Fire Side Chat: Decoding NFPA Code Requirements

A Q&A session addresses code compliance challenges associated with projected beam smoke detectors, annunciators and keypads.

Periodically security dealers and fire technicians write in to ask questions concerning what they believe to be a difficult problem. Some ask about fire alarms while others voice their concerns over security and access control. Most of the time the solutions they seek are simple; other times, not so simple.

This month, we’ll examine a couple of issues field technicians have written to me about the placement of projected beam smoke detectors and fire annunciators. (Note: Code references will be provided from NFPA 72, 2007 and 2010 editions. It’s important to provide both code references because most municipalities have yet to adopt the newer 2010 edition. Thus, at this time fire alarm installers and service techs are more likely to fall under 2007 or earlier.)

Projected Beam Smoke Detectors
These detectors are among the most difficult to understand where it comes to placement. According to Dave Winkler, system designer with Sentry Alarms of Binghamton, N.Y., “The manufacturers are so vague that the manual does not really help. Are there hard and fast formulas to help in locating the beams correctly? We’re using a single-ended System Sensor beam detector.”

A single-ended projected beam smoke detector uses an active light transceiver at one end and a reflective surface of some kind at the other. Compare this to a traditional two-ended detector that uses a light transmitter at one end and a light receiver at the other.
Winkler’s situation is not unlike many where a projected beam smoke detector can be used to cover a relatively large area. Common applications include warehouses; large, voluminous attics; long cathedral ceilings; and others.

“I’m working on a church sanctuary that’s 40 X 80 with 12-foot sidewalls and 22 feet to the peak,” he continued. “How do I figure the beam locations?”

Here is my reply to Winkler:

I’ll stick with 2007 NFPA 72 on this because most locales have not had time to adopt the new 2010. Section, titled Peaked, says that the first beam smoke must be installed 3 feet from the roof at the peak. This allows for stratification of course. At that point you would have to have two more, each within half the detection distance of each side wall.

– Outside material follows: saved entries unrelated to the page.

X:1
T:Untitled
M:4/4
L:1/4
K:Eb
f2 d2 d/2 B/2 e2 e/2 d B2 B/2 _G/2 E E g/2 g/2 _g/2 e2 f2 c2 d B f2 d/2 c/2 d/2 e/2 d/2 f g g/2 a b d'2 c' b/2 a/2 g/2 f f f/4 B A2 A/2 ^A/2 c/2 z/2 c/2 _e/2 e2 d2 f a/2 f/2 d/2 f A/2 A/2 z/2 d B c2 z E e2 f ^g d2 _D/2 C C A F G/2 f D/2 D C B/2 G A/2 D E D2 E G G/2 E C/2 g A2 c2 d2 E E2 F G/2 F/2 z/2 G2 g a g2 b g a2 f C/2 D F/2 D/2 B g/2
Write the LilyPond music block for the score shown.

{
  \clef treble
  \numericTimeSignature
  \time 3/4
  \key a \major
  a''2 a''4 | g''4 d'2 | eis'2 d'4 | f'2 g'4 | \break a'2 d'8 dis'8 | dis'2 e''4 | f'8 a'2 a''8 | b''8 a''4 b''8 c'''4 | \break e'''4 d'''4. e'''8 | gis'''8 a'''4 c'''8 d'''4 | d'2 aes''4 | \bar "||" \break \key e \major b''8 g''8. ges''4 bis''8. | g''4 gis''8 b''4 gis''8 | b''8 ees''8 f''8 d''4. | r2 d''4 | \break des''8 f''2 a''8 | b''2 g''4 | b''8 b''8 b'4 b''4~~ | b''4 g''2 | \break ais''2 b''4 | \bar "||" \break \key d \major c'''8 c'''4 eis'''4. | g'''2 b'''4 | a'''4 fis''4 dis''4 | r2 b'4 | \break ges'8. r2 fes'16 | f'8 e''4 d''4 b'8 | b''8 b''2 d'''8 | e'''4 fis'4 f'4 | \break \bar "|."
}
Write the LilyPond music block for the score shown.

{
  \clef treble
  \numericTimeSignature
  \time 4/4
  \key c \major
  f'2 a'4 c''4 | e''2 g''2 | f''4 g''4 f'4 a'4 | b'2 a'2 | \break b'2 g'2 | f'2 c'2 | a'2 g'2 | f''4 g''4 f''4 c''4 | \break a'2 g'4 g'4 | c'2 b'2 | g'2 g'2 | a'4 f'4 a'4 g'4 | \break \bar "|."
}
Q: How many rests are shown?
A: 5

In the case of the 6424 Projected Beam Type Smoke Detector by System Sensor, the effective detection distances are listed as 30 to 330 feet. That means you need to have each of the side units no less than 15 feet from the side walls. You will need three detectors for this application, which seems like overkill.

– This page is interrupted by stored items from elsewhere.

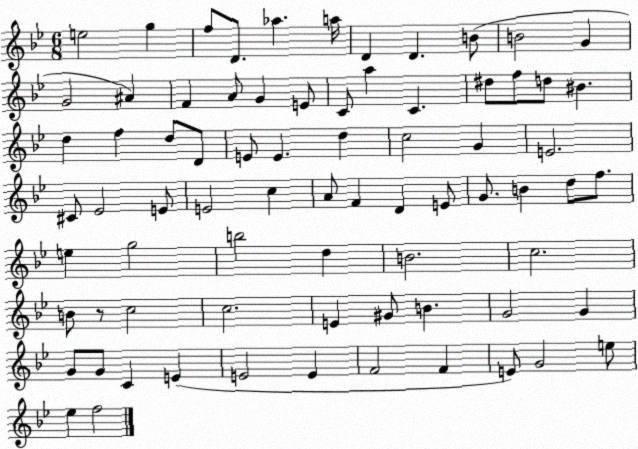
X:1
T:Untitled
M:6/8
L:1/4
K:Bb
e2 g f/2 D/2 _a a/4 D D B/2 B2 G G2 ^A F A/2 G E/2 C/2 a C ^d/2 f/2 d/2 ^B d f d/2 D/2 E/2 E d c2 G E2 ^C/2 _E2 E/2 E2 c A/2 F D E/2 G/2 B d/2 f/2 e g2 b2 d B2 c2 B/2 z/2 c2 c2 E ^G/2 B G2 G G/2 G/2 C E E2 E F2 F E/2 G2 e/2 _e f2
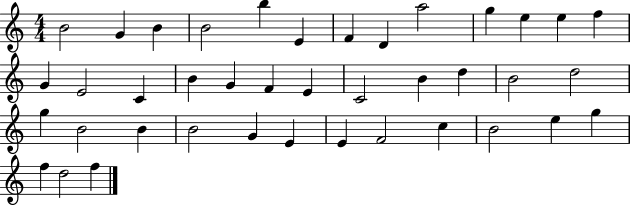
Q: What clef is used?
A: treble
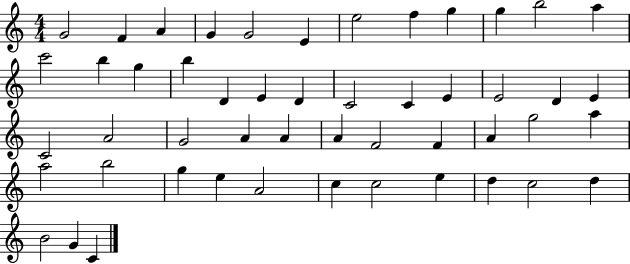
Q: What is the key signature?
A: C major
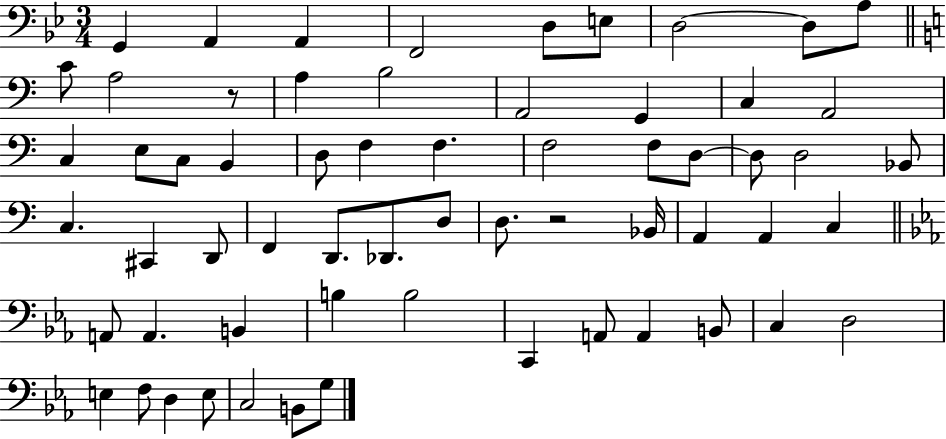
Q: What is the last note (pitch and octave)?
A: G3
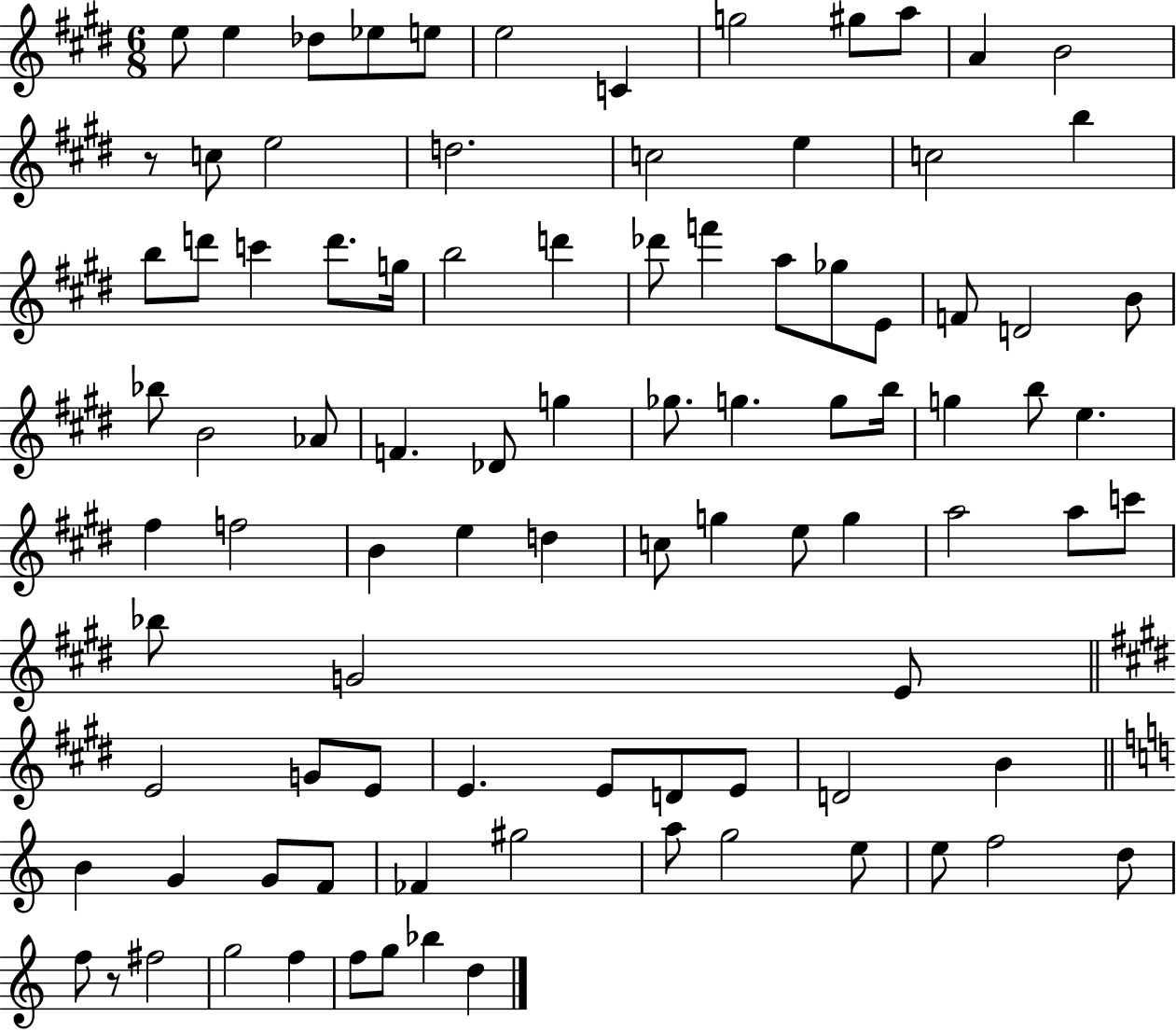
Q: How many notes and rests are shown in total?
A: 93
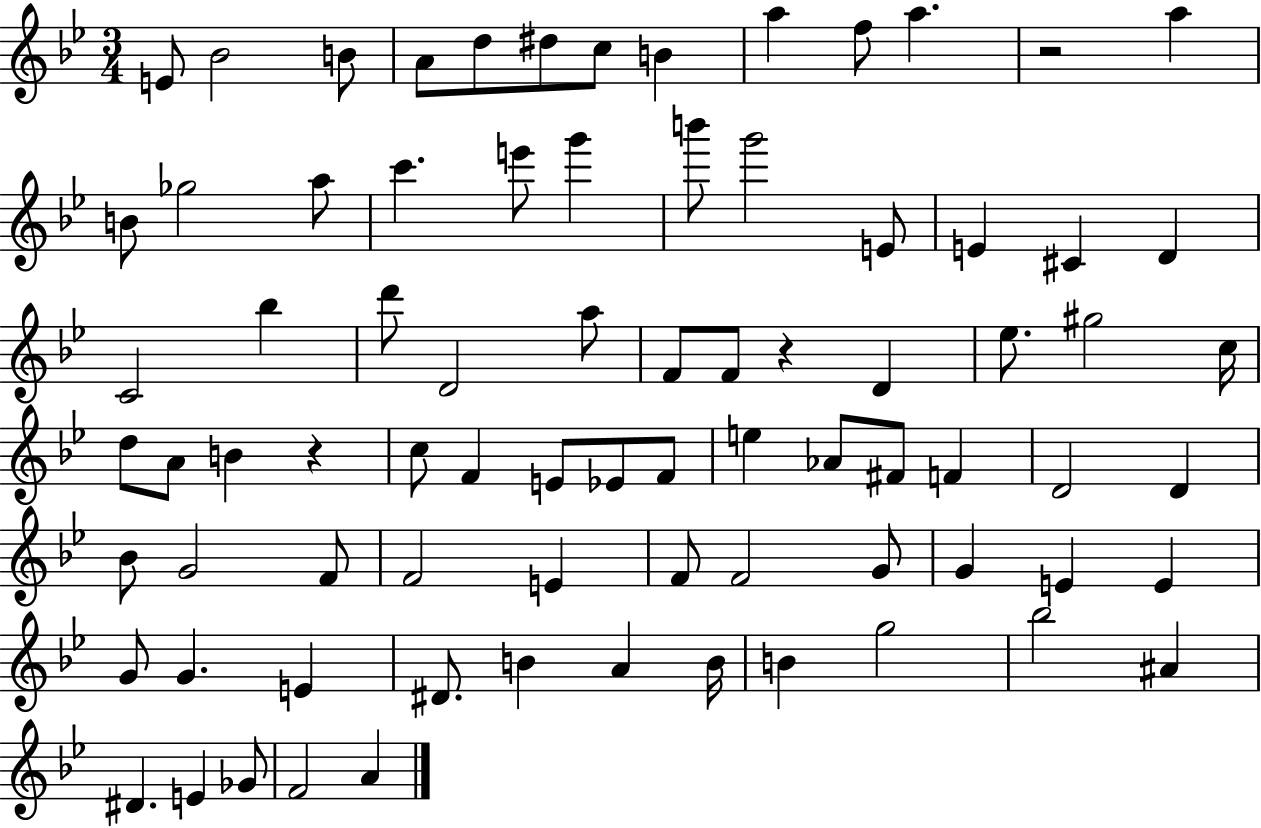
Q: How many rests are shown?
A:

The 2010 version (Section does not contain the 3-foot-to-peak rule. But the one thing that both editions do agree on is that you need to install a projected photo smoke detector according to the manufacturer’s instructions.

Not all manufacturers’ installation manuals are written in an ambiguous manner. In fact, there’s a fairly good explanation of how and where to install transceivers and reflectors in single-sided projected beam smoke detection systems out there, such as the Systems Sensor BEAM124(S) detector.

Fire Annunciator Placement
Some time back a fire technician who prefers to remain anonymous wrote in to ask about the placement of fire annunciators. In his situation, he was contracted to install a fully-addressable fire alarm system in a large industrial/office complex with multiple buildings.

His question was, “One of the buildings involves retail sales where the building is open to the public. Because we’re using a combination fire/burglar alarm panel, one listed by UL for commercial fire, we’d rather place the keypad in a protected area where members of the public cannot touch it.”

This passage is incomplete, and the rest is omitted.